[Items from a data source]

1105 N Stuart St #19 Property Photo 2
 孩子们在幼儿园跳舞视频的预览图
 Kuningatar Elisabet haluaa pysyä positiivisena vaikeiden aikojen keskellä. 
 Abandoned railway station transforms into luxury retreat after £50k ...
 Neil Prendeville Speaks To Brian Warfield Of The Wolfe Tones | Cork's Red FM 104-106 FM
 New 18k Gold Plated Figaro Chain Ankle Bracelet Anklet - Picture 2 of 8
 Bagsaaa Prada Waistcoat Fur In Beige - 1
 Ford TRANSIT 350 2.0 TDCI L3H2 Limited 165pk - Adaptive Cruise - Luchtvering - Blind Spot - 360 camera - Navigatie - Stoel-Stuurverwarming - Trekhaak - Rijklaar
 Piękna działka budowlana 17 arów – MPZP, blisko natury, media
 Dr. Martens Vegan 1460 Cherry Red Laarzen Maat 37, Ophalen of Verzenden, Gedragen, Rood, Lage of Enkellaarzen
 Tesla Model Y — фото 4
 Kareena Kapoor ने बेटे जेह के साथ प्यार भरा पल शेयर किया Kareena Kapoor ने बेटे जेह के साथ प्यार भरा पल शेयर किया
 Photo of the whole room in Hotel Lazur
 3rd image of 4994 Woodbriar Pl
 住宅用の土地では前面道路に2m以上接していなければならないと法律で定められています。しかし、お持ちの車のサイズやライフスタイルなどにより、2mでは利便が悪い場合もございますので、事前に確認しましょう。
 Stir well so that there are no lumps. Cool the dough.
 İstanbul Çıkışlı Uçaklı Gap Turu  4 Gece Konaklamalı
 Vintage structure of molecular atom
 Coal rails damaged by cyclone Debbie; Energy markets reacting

DIRECTIONS: From the line that contains "Stir well so" down to the final line of the entries, print every line exactly as it is, and only those lines.

RESPONSE FOR THIS EXERCISE:
 Stir well so that there are no lumps. Cool the dough.
 İstanbul Çıkışlı Uçaklı Gap Turu  4 Gece Konaklamalı
 Vintage structure of molecular atom
 Coal rails damaged by cyclone Debbie; Energy markets reacting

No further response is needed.